Print the count and the remaining vehicle types.

In [None]:
# YOUR CODE HERE
# After filtering, try: result['tipo_vehiculo'].value_counts() to see remaining types


---

## Part 3: Convenience Methods (20 minutes)

Practice .between(), .str.contains(), .str.startswith(), and .query() for common filtering patterns.

### Task 3.1: .between() for model year
Find vehicles with model year between **2015 and 2020** (inclusive).

**Pattern:** `df[df['col'].between(low, high)]`

Print how many records match and show the distribution of model years in the result.

In [None]:
# YOUR CODE HERE
# Hint: after filtering, use result['modelo_vehiculo'].value_counts().sort_index()


### Task 3.2: .between() for age range
Get vehicles aged **0 to 5 years** (relatively new vehicles).

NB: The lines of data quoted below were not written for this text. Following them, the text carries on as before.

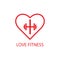 Abstract love fitness logo, icon on white background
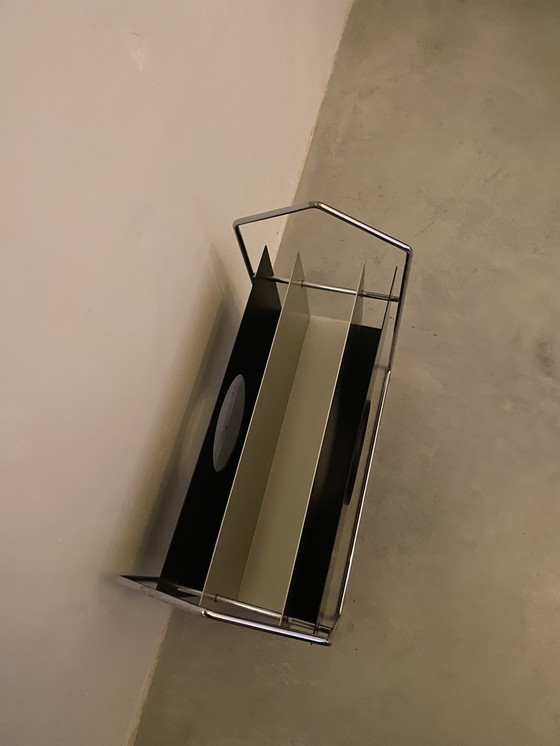 Image 1 of Verchromter Zeitschriftenständer aus Metall, Frankreich 1970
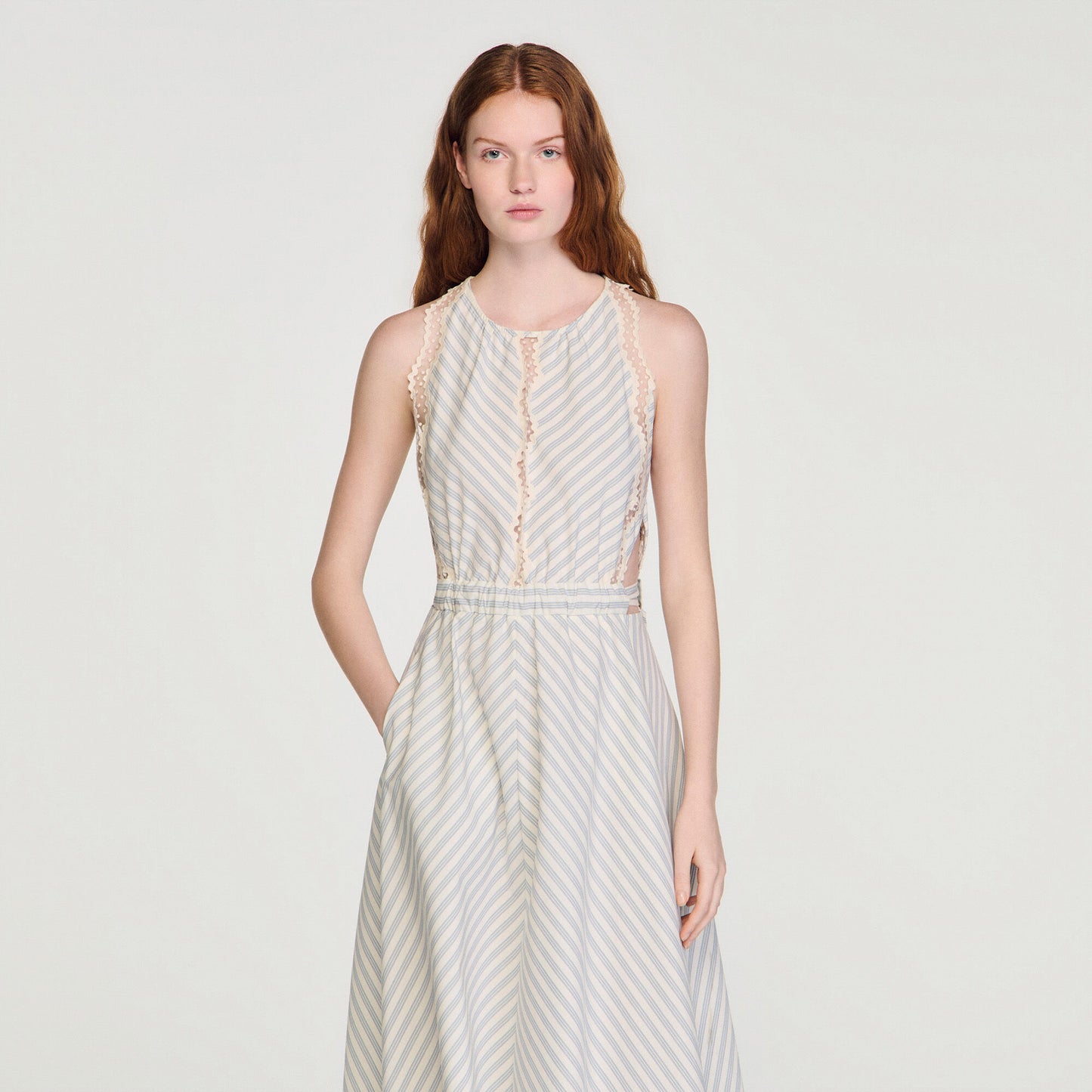 Striped cotton maxi dress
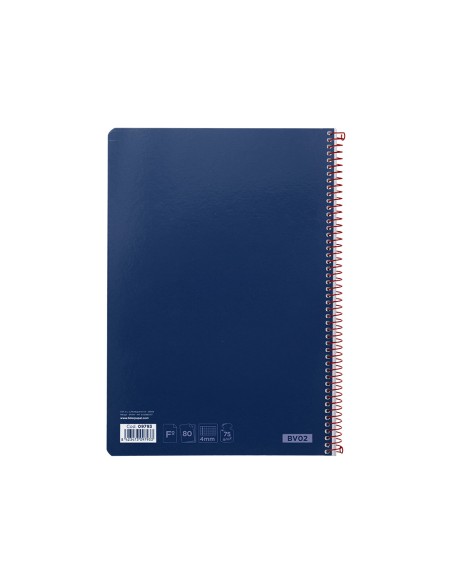Cuaderno espiral liderpapel folio witty tapa dura 80h 75gr cuadro 4mm con margen color azul marino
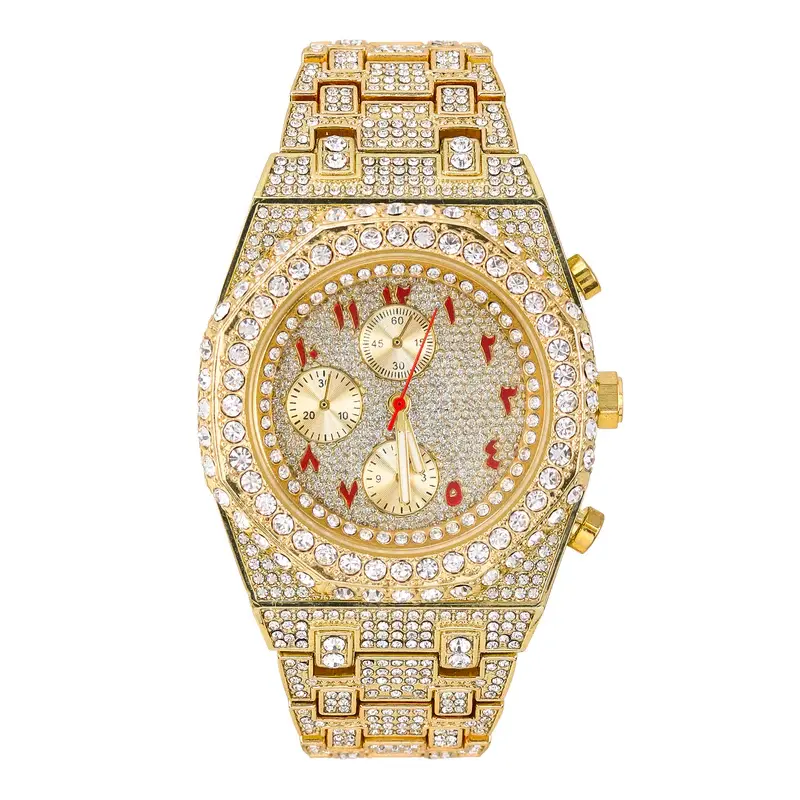 MaxBling81 Men's Gold Plated Stainless Steel Quartz Gold Watch, Red Arabic Numeral Diamond Wrist Watch with Full Iced Simulated Diamond Band for Clubbing, Gold Watches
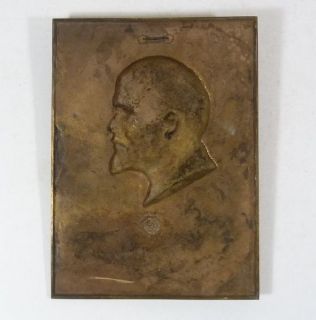 Große Bronze Platte / Plakette / Büste J.F. ROGGE Lenin Büste von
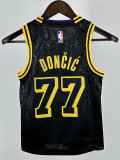 22/23 LAKERS DONCIC#77 Snakeskin Black Kids Top Quality Hot Pressing NBA Jersey(童装)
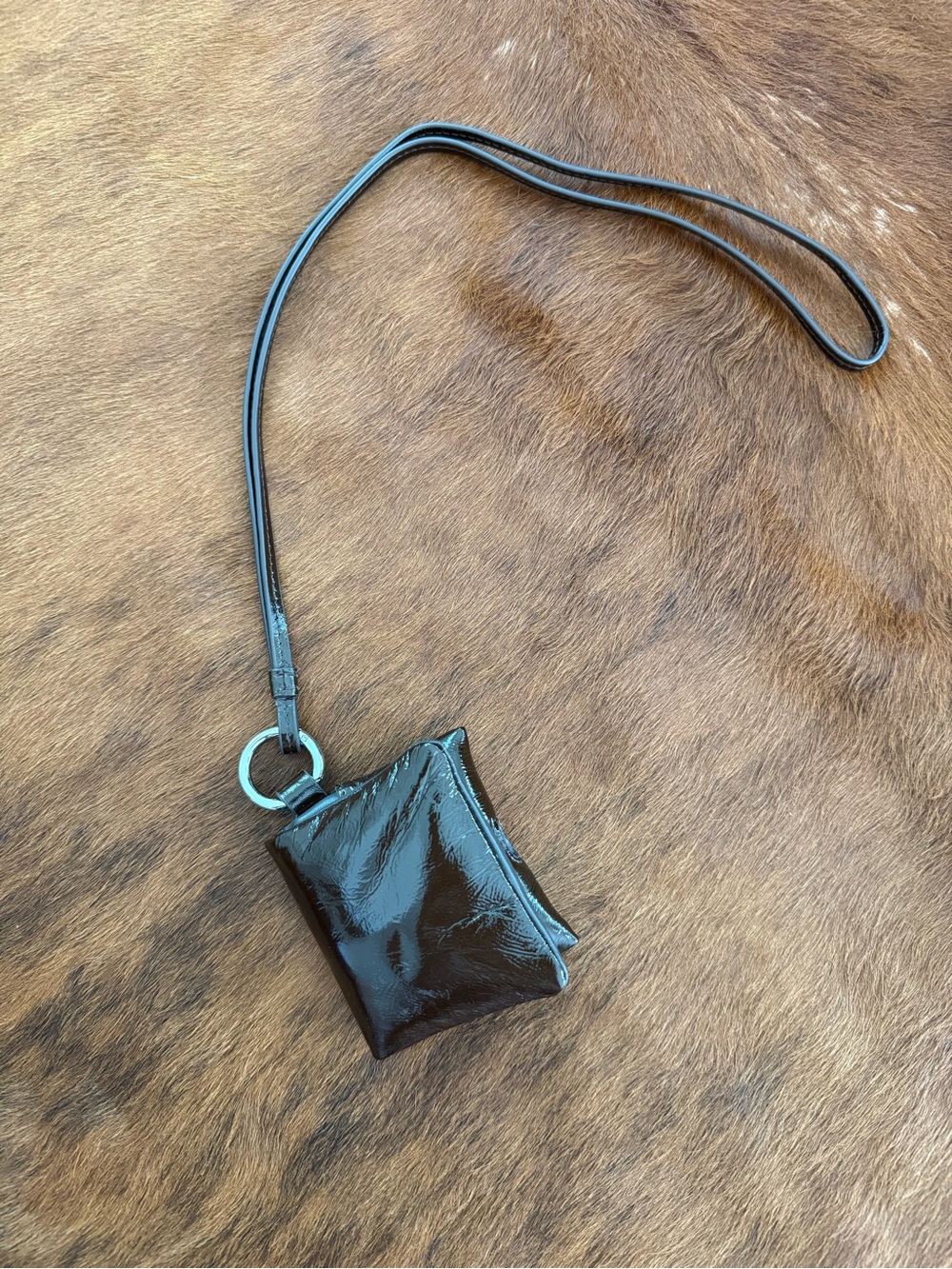 Massimo Dutti Black Patent Mini Pouch Necklace with Strap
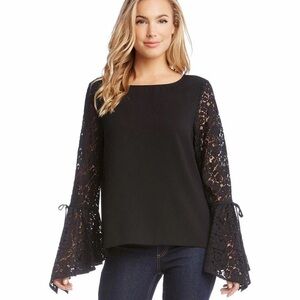 New Karen Kane Crepe Blouse Top Tie Lace Bell Sleeve XL Black Whimsigoth Feminin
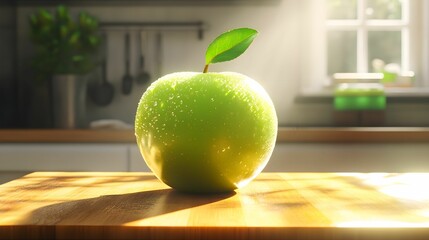jabłko, zielone, świeże, organiczne, natura, kropla wody, naturalne światło, zbliżenie, kuchnia, drewniana deska, zdrowie, świeże owoce, styl naturalny, owoc, naturalny styl życia, organiczny styl, ow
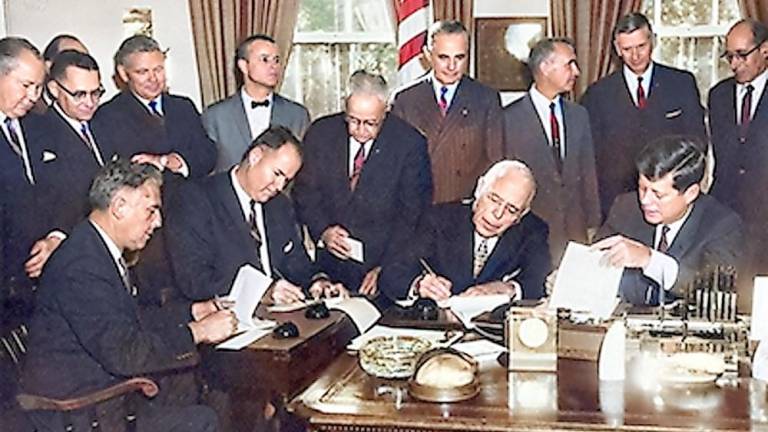 Happy 60th birthday to a ‘bold venture,’ the Delaware River Basin Commission At the Nov. 2, 1961, ceremonial signing of the Delaware River Basin Compact, President John F. Kennedy referred to the formation of the DRBC as a “bold venture.”
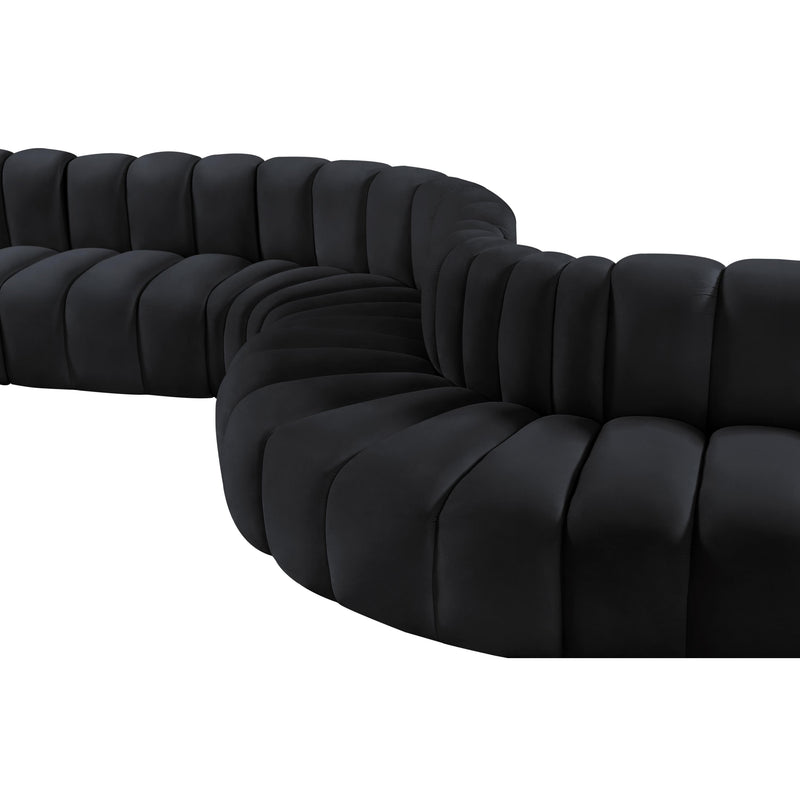 Meridian Arc Black Velvet 6 pc Modular Sectional IMAGE 8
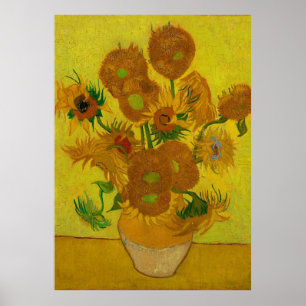 vincent van gogh 15 sunflowers vase painting poster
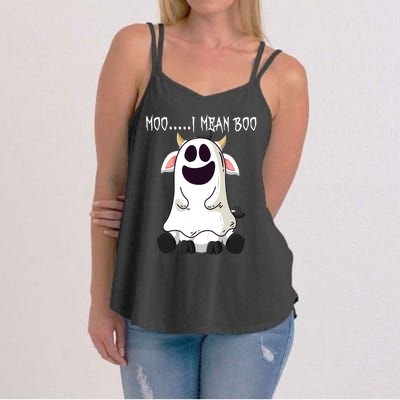 Moo I Mean Boo Ghost Cow Halloween Farmer Funny Gift Women's Strappy Tank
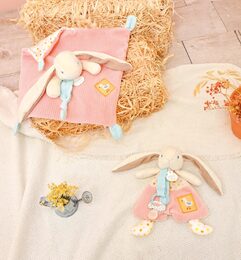 Doudou Dárková sada Hračka s úchytem na dudlík Králíček Ciboulette 19 cm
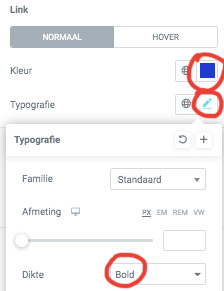 Layout van de ilnk aanpassen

Print the count and the percentage of the total dataset.

In [None]:
# YOUR CODE HERE


### Task 3.3: .str.contains() for text search
Find transit authorities (`autoridad_de_transito`) whose name contains **"BOGOTA"**.

Print the unique authority names that match.

**Remember:** Always add `na=False` to handle potential NaN values.

In [None]:
# YOUR CODE HERE
# Pattern: df[df['col'].str.contains('text', na=False)]


### Task 3.4: .str.startswith()
Find vehicle brands that start with **"CH"** (Chevrolet, Changan, Chery, etc.).

Print the unique brand names that match and the total number of records.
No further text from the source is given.